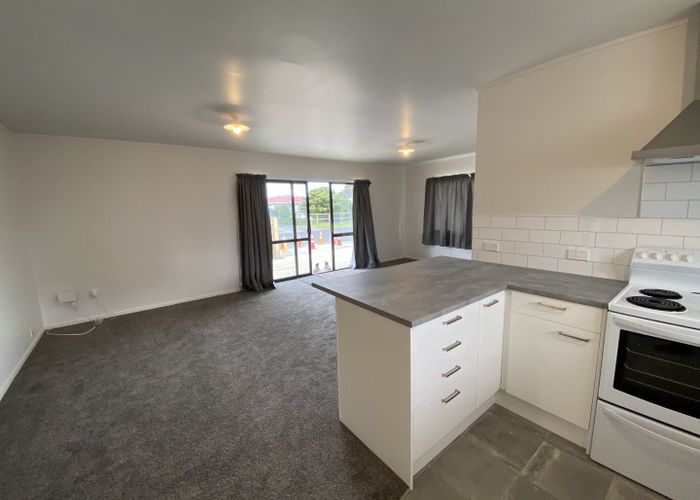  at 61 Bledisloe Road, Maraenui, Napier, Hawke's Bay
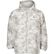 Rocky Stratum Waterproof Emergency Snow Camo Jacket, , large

━━━━━━━━

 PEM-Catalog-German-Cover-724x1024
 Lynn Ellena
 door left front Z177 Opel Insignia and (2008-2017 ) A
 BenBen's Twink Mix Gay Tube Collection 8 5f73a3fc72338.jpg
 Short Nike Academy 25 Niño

━━━━━━━━

__What is needed__
Your copy should hold only the lines above from the one containing "at 61 Bledisloe" through the one containing "Rocky Stratum Waterproof", exactly as written and free of pictures.

__Written response__
  at 61 Bledisloe Road, Maraenui, Napier, Hawke's Bay
 Rocky Stratum Waterproof Emergency Snow Camo Jacket, , large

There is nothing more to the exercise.